## [Task prompt]
Below are some records. Set down exactly the line holding "Used 2024 Toyota" and every later line through the end, omitting the pictures.

## [Data to use]
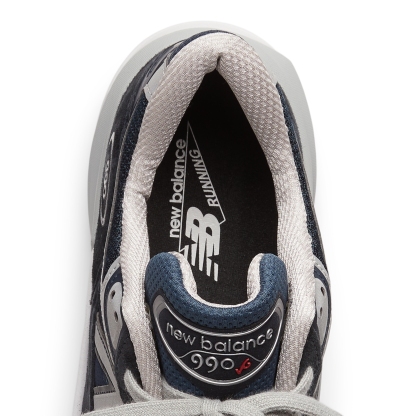 New Balance Made in USA 990v6, M990NV6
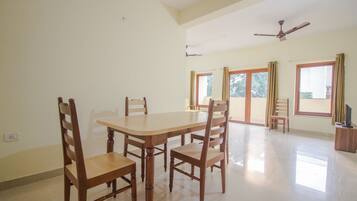Double or Twin Room | In-room dining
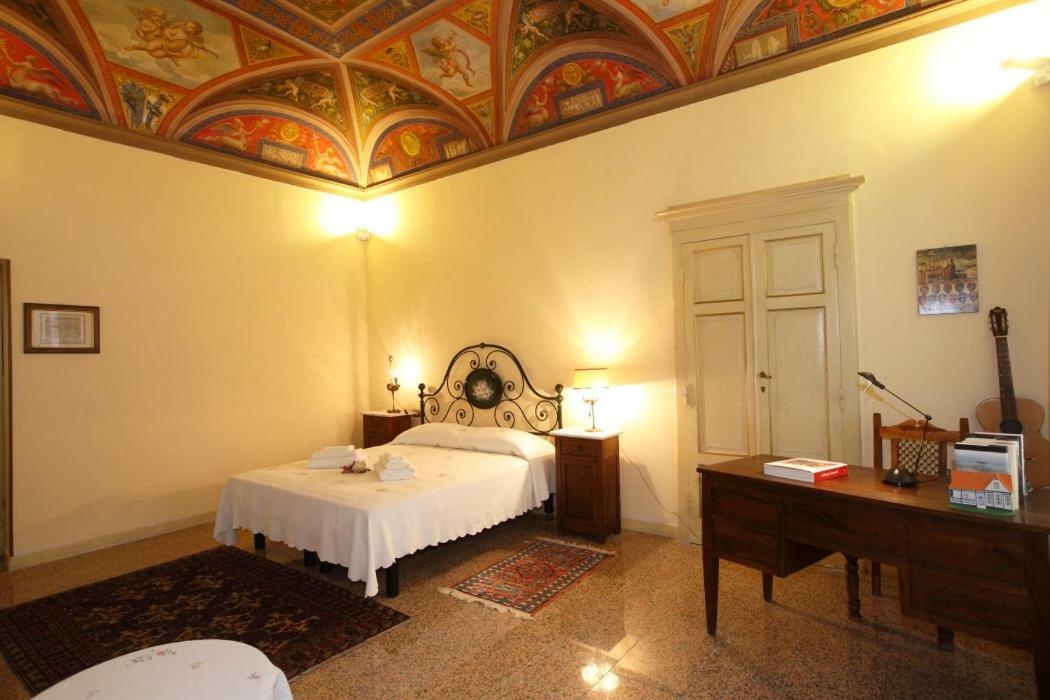 Residenza D'Epoca Montanini Acomodação com café da manhã Siena Exterior foto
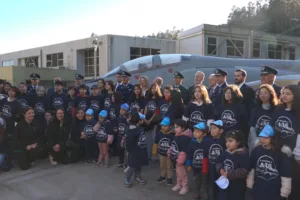 Universidad de Concepción recibe aeronave A-36 de la Fach para la formación de futuros ingenieros aeroespaciales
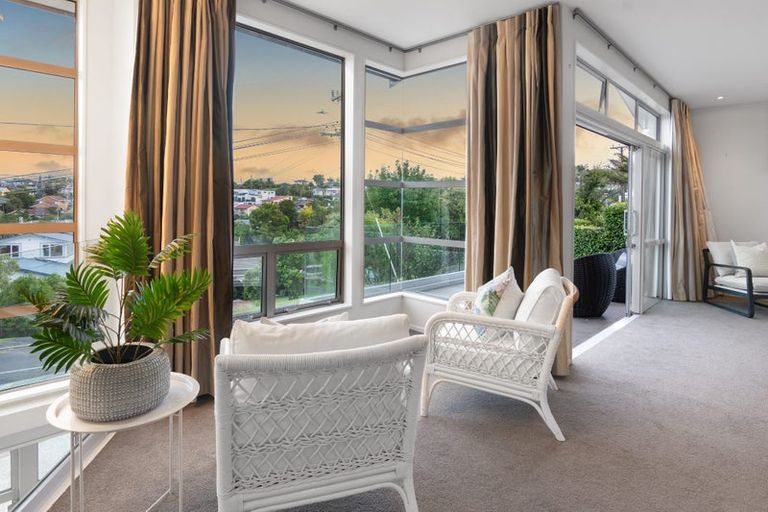 Photo of property in 48 Hebron Road, Waiake, Auckland, 0630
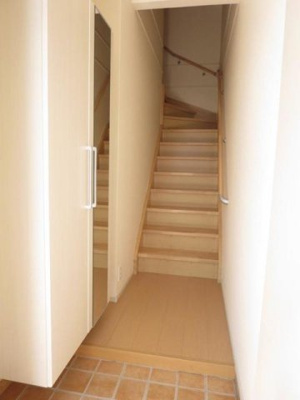 【玄関】 | レヴェランスＢ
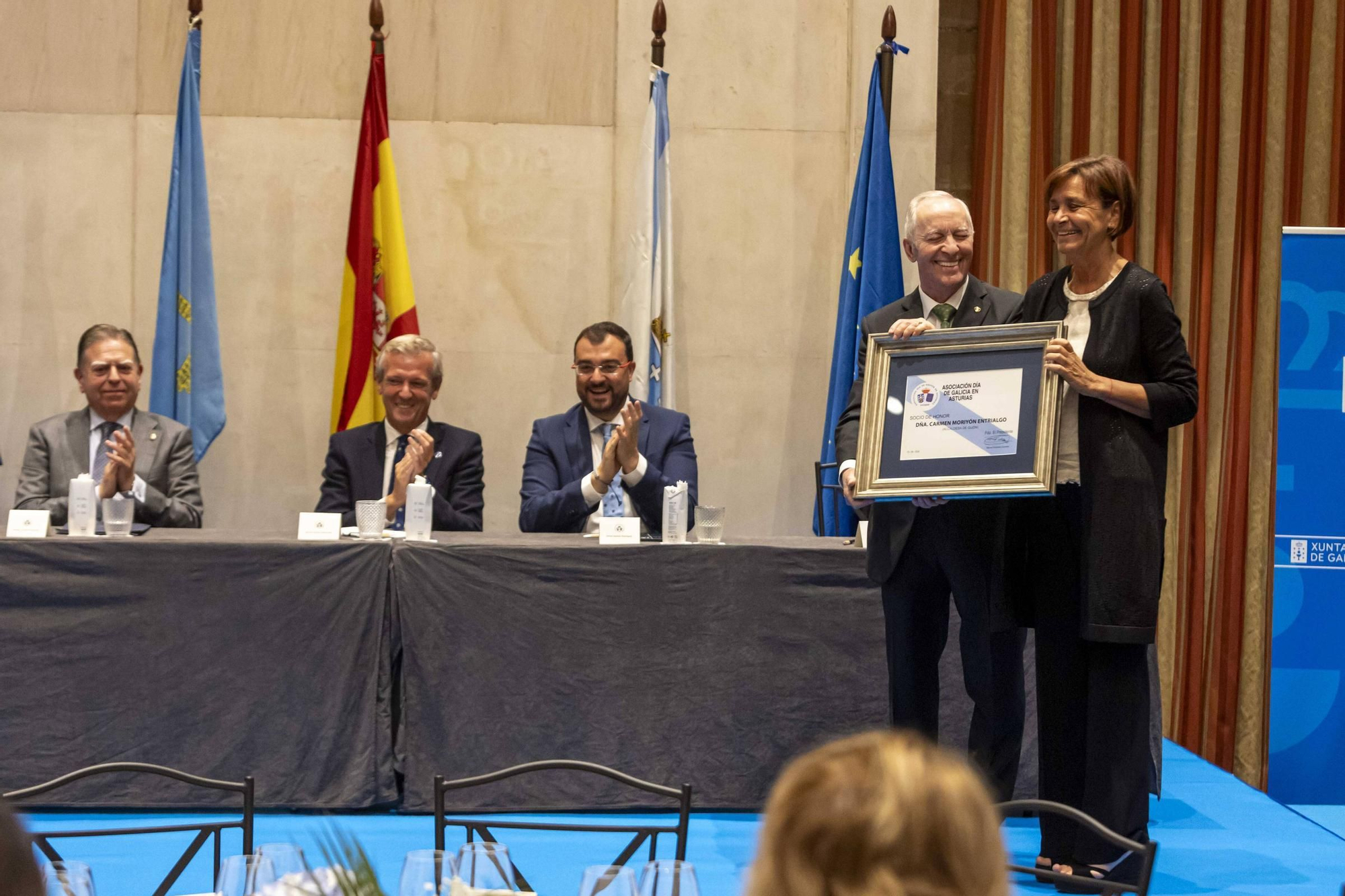 La Asociación Día de Galicia en Asturias entrega su medalla de oro a Adrián Barbón y Carmen Moriyón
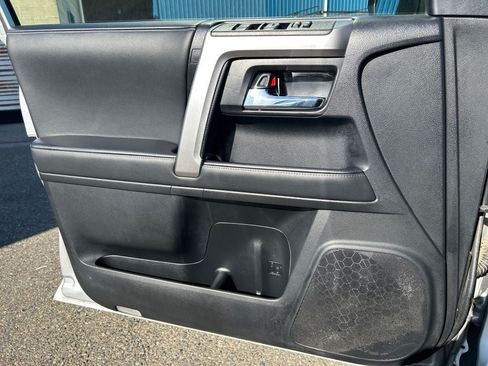 Used 2024 Toyota 4Runner SR5 Premium w/ Moonroof Package AWD/4WD image 22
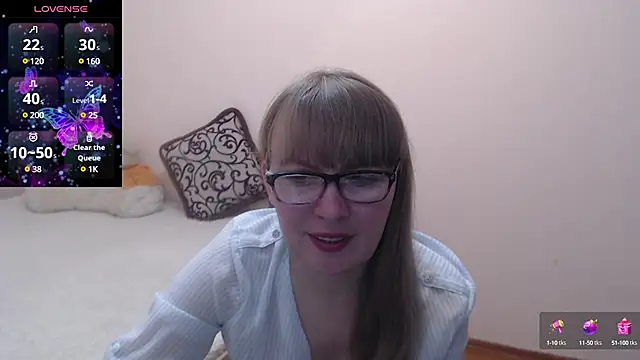 Snapshot of MargotLot chatting on 7, 2, 2025 MargotLot online show from 7, 2, 2025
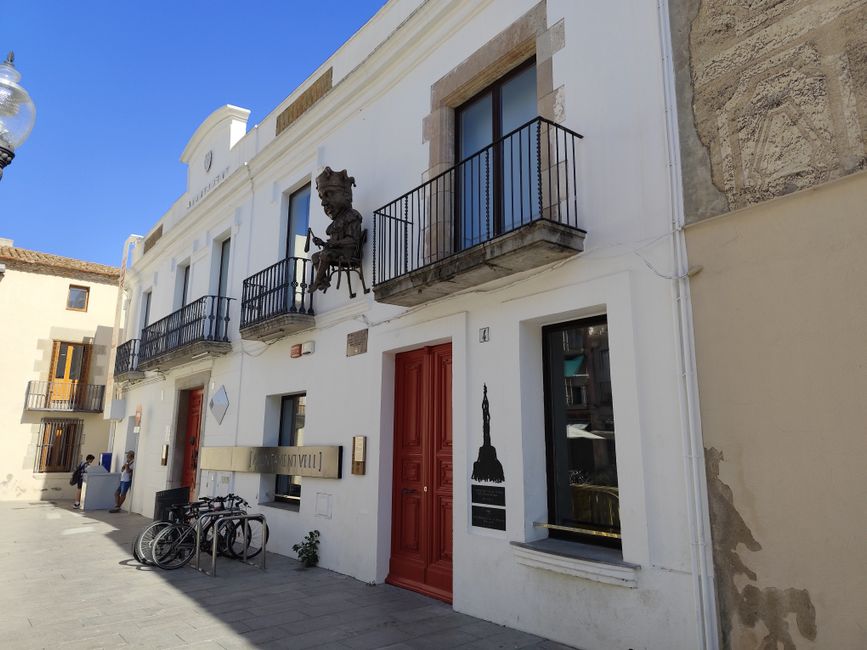 Calle con encanto en Calella con arquitectura histórica y bicicletas al aire libre.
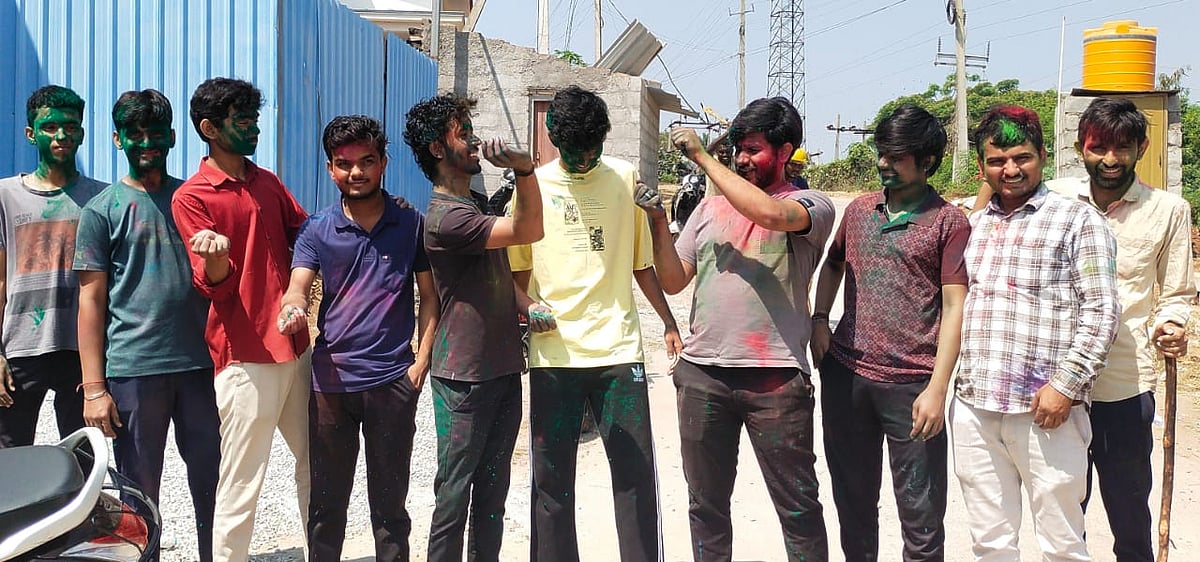 ಕುಶಾಲನಗರ: ಸಂಭ್ರಮದ ಹೋಳಿ ಆಚರಣೆ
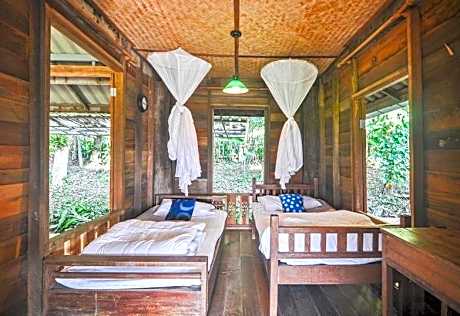 Standard Twin Room with Garden View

## [Answer to this problem]
 Used 2024 Toyota 4Runner SR5 Premium w/ Moonroof Package AWD/4WD image 22
 Snapshot of MargotLot chatting on 7, 2, 2025 MargotLot online show from 7, 2, 2025
 Calle con encanto en Calella con arquitectura histórica y bicicletas al aire libre.
 ಕುಶಾಲನಗರ: ಸಂಭ್ರಮದ ಹೋಳಿ ಆಚರಣೆ
 Standard Twin Room with Garden View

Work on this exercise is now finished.